Südafrikas Quagga-ähnliche Zebras sind heute aufgeteilt in mehrere Herden, von denen einige auch auf Wildfarmen der Westkap-Provinz um Kapstadt grasen. Denn viele Farmer – das gibt auch Turnbull zu – sehen durchaus auch finanzielle Aspekte in dem enormen touristischen Potenzial der weltweit einmaligen, Quagga-ähnlichen Zebras.
Insofern sind auch nur 105 Rau-Quaggas direkt beim Projekt angesiedelt – der Rest befindet sich bei privaten Züchtern. "Die Tiere beginnen jetzt wirklich wie Quaggas auszusehen – nur an der braunen Farbe müssen wir noch etwas arbeiten", sagt Turnbull, der das Ziel des Projekts so beschreibt: "Wir wollen ein Zebra züchten, das so weit wie möglich wie ein Quagga aussieht."

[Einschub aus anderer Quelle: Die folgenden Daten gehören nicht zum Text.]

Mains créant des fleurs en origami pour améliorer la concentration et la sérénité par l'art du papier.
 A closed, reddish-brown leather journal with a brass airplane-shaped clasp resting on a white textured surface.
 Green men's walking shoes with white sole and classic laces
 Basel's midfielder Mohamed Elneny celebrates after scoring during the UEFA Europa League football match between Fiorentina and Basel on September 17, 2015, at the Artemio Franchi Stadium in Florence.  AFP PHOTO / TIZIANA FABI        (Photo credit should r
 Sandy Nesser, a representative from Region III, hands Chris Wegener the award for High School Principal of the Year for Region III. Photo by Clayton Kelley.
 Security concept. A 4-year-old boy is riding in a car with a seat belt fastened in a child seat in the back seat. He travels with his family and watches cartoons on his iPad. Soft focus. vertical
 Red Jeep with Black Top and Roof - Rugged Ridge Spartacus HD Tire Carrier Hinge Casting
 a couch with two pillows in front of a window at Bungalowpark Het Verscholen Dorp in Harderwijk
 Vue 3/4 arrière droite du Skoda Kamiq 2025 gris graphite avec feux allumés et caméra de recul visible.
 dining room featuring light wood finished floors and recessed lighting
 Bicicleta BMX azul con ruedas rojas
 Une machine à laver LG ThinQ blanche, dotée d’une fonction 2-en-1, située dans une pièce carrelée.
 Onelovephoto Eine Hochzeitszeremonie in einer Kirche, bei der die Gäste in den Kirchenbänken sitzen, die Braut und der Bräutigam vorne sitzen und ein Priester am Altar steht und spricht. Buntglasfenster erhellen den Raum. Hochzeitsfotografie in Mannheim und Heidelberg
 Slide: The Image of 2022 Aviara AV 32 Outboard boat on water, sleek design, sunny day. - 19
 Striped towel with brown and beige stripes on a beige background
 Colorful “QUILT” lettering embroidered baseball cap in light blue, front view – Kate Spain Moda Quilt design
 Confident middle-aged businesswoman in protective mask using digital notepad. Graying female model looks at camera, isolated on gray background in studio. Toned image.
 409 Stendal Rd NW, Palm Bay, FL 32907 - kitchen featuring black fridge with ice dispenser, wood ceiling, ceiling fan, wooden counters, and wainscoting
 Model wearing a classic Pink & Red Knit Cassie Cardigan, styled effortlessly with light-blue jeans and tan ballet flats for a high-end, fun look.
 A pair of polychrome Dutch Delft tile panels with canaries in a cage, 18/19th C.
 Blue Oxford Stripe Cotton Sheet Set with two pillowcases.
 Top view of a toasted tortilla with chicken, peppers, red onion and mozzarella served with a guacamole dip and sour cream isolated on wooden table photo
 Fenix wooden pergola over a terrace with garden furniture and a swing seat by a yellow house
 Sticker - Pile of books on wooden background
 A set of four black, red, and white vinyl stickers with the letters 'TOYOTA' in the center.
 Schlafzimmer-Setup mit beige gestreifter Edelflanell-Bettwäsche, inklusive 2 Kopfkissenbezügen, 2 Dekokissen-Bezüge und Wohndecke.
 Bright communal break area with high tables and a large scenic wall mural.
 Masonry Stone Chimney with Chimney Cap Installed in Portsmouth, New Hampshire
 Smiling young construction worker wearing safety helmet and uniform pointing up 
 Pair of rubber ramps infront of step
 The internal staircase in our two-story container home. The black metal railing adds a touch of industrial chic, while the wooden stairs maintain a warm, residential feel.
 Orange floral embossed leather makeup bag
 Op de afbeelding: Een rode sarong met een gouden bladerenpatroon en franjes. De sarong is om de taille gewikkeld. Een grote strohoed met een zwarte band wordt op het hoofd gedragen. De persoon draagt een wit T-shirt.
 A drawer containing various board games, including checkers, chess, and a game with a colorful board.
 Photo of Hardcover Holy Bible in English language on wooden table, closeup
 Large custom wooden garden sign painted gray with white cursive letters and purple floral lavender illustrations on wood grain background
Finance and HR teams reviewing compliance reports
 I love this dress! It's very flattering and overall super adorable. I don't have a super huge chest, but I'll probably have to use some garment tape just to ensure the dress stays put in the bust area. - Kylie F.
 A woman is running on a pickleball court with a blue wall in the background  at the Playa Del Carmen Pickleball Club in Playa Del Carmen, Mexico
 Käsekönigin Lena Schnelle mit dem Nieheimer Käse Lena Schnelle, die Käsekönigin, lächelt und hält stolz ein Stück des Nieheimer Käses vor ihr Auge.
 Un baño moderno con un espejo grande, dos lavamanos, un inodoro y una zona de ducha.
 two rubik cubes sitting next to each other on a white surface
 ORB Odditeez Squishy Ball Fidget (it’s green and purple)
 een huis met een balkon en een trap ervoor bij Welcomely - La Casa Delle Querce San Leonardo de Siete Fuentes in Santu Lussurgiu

Warum die Quaggas keine Streifen hatten
Bleibt die Frage: Warum hatten Quaggas damals – anders als ihre Verwandten im Rest Afrikas – keine Streifen? Die Vermutungen kreisen um die Tsetsefliege: Für deren Augen sind Zebras mit Streifen quasi unsichtbar. Der Verlust der Streifen deutet daher also daraufhin, dass es diesen Schädling im Quagga-Biotop – Südafrikas Westkap-Provinz – kaum gab und die Streifen damit überflüssig waren.